The showdown prompted Bush to make two or three changes to Stellarwind, the report said. But while the report gives a blow-by-blow account of the bureaucratic fight, it censors an explanation of the substance of the legal dispute and Bush's changes.
Last year, the Obama administration released a redacted version of a memo that Goldsmith later wrote about Stellarwind and similarly censored important details.
Nevertheless, it is public knowledge, because of documents leaked by the former intelligence contractor Edward J Snowden.
Snowden's disclosures included a working draft version of the NSA Inspector General's contribution to this report. The final document - with many passages redacted as still classified - was part of Friday's release.
Another part of the newly disclosed report provides an explanation for a change in FBI rules during the Bush administration. Previously, FBI agents had only two types of cases: "preliminary" and "full" investigations. But the Bush administration created a third, lower-level type called an "assessment."
This development, it turns out, was a result of Stellarwind. FBI agents were asked to scrutinise phone numbers deemed suspicious because of information from the programme. But the agents were not told why the numbers had been deemed suspicious, only "not to use the information in legal or judicial proceedings."
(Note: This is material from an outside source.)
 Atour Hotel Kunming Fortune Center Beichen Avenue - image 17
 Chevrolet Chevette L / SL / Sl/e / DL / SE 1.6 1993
That made some agents uncomfortable. The Justice Department created the new type of investigation, initially called a "threat assessment," which could be opened with lower-grade tips.
But little came of the Stellarwind tips. In 2004, the FBI looked at a sampling of all the tips to see how many had made a "significant contribution" to identifying a terrorist, deporting a terrorism suspect, or developing a confidential informant about terrorists.
Just 1.2 percent of the tips from 2001 to 2004 had made such a contribution. Two years later, the FBI reviewed all the leads from the warrantless wiretapping between August 2004 and January 2006. None had proved useful.
Still, the report includes several redacted paragraphs describing "success" cases.